The body is meant to work together, and when it doesn't, things can go wrong. I also often see a dominant rectus go hand-in-hand with a pooching belly, tight hip flexors, back pain and tightness, and hip pain. It's truly a sign that your deep inner core, a.k.a. your support system, isn't doing its job which makes a lot of other parts angry for having to pick up the slack.
Let's look at how this works.
Language surrounding diastasis recti doming and rectus abdominis doming can be very confusing, because the word doming is often used for both.
Diastasis recti is when you have a thinning of the midline fascia that connects the two rectus abdominis muscle bellies. When you increase intra-abdominal pressure in your core, a diastasis recti can “dome” or “cone” out in the middle.
Rectus abdominal doming is what we looked at in the previous section, this is where the entire rectus muscle domes. This is often called a “breadloaf appearance” and is different from a doming out in the midline fascia which is diastasis recti.
You can have both diastasis and rectus doming at the same time. You can also have one without the other. A rectus-dominant strategy is often one of higher pressure with less ability to handle rotational forces and distribute pressure, so I often see a rectus-dominant strategy or rectus doming in those with pelvic floor dysfunction. (That doesn’t mean it’s limited to pelvic floor issues.)
A big part of fixing the issue from a structural standpoint can be found in the tilt of the pelvis. If the pelvis tilts forward into an APT, it’s going to make more pressure, bulging, doming and coning happen in the front.

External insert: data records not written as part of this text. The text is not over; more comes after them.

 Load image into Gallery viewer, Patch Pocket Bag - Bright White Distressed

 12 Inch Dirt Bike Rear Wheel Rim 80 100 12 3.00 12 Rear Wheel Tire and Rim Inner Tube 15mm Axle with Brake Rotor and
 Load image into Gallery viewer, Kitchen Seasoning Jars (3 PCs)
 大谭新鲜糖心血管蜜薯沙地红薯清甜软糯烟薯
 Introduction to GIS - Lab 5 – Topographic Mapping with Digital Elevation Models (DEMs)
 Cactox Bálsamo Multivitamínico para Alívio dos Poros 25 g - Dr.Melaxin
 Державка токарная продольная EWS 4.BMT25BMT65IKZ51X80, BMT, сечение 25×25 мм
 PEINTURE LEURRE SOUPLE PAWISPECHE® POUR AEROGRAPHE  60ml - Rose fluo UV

Finding your hamstrings and lower TAs is an important step in improving pelvis positioning while helping those muscles that flatten the abs kick in.

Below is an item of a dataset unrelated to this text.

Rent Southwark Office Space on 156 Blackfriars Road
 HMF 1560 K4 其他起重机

From a more muscular standpoint, it’s important to look at how you brace. If you tend to brace out, that creates uncontrolled front pressure which can lead to more doming. Learning how to stop bracing out is an important step for gaining TA strength which helps create the tension needed to corset in the doming, both for rectus abdominal doming and diastasis recti distortion.
Abdominal doming often happens from not getting enough of a TA contraction. With a little focus, you can get those TAs on board and get a great abdominal contraction.

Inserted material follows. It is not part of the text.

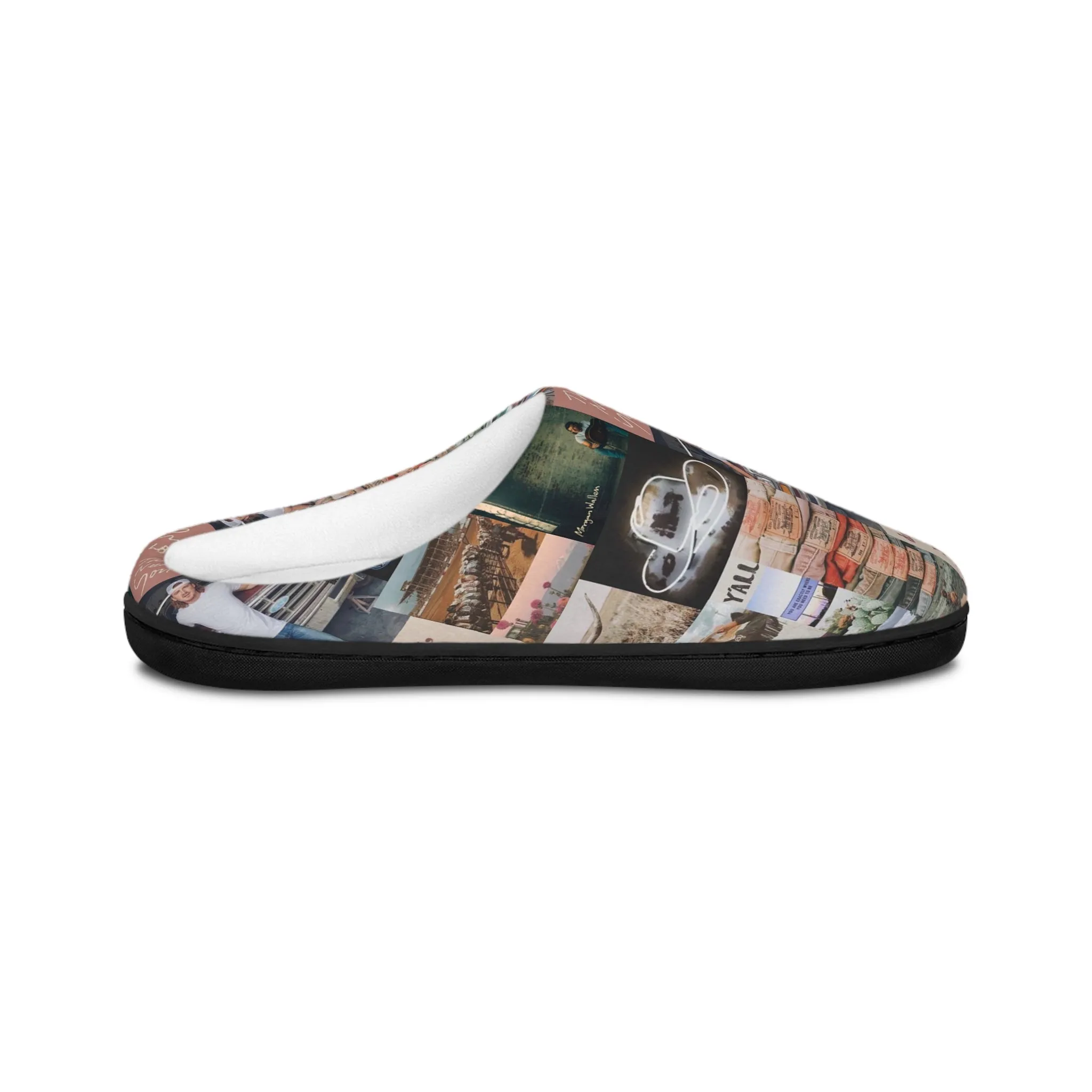 Morgan Wallen Darling You're Different Collage Men's Indoor Slippers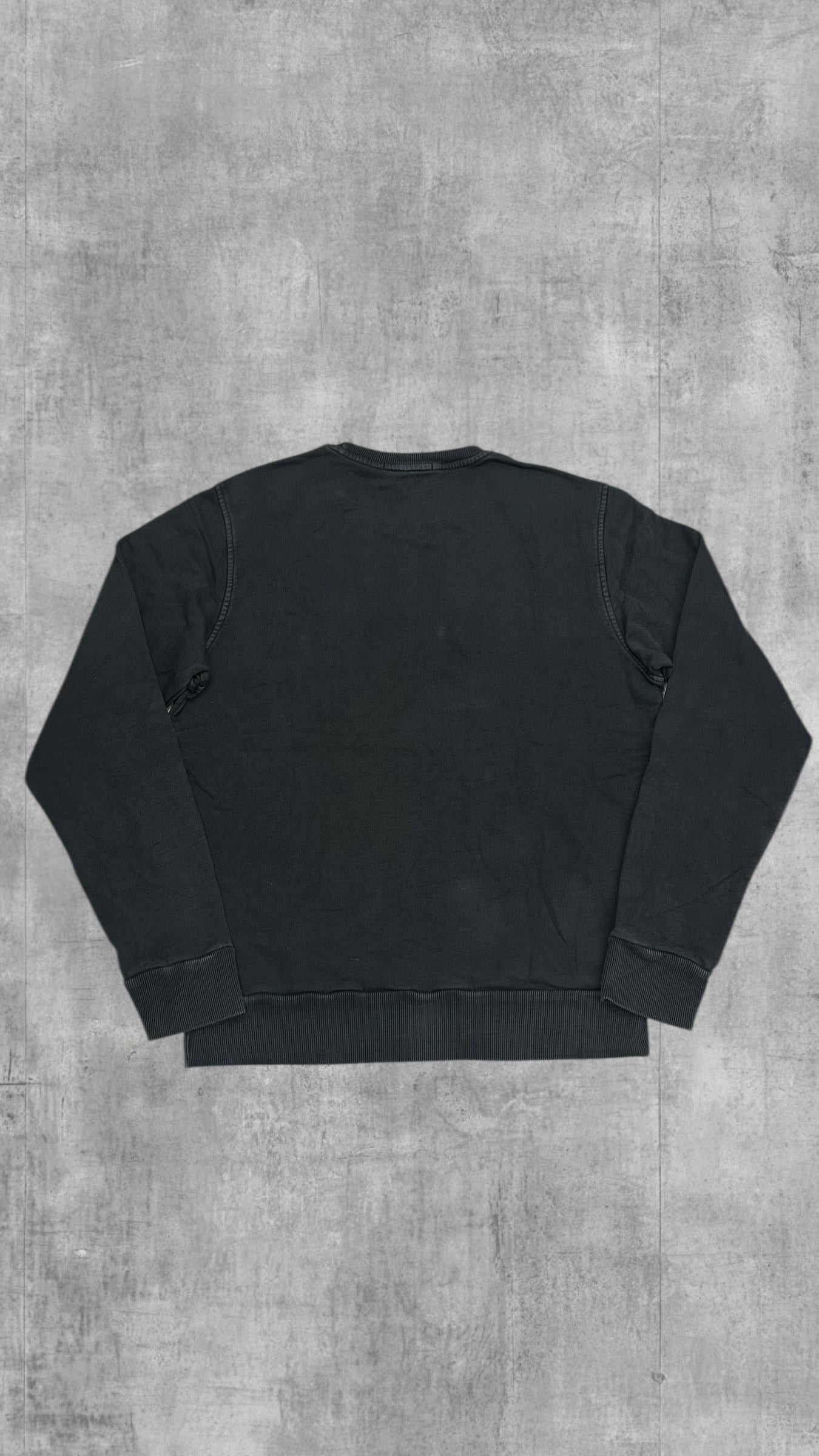 Fred Perry Sweatshirt Grau stone washed M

Learning how to manage pressure through a balanced abdominal contraction is also very important. You can do this by making sure you don’t overly shorten or scrunch one part of the abdominal wall while letting another part dome out. By lengthening instead of scrunching, you get a much more balanced contraction that can help spread pressure away from the midline and pelvic floor.
With abdominal doming, I’ll often see lower abdominal weakness and lower ab bulging as well. This pattern can also create neck and chest tightness, since the habit of upper ab gripping can cause a lot of tension in the upper abs.
Let’s take a look at getting an even abdominal contraction.
Now, I’d like to give you a bit of a challenge. Can you find your lower abs without over-gripping your upper abs?
We've looked at having a rectus-dominant pattern with not enough lateral (side) abs. What happens if we have too much TA and IO and not enough RA and EO? (Meaning too much stability and not enough movement.) This often creates a much wider diastasis recti situation, but will often feel pretty darn good on the pelvic floor.
Likewise, if someone is in more of a RA dominant pattern or EO dominant pattern, they usually have a narrower diastasis but more pelvic floor issues. (Or they at least have to deal with more pressure down on the pelvic floor, since the EOs create a tremendous amount of pressure. They have to move us, after all! Movement generation creates force and pressure.)
Watch this video where we look at cueing EOs to get the low back QL muscles to calm down.
Thanks for joining me to learn about abdominals. Whew! 😅 This was quite a long article full of great videos, but if you take the time to learn and implement, I think you’ll feel a big difference in your core.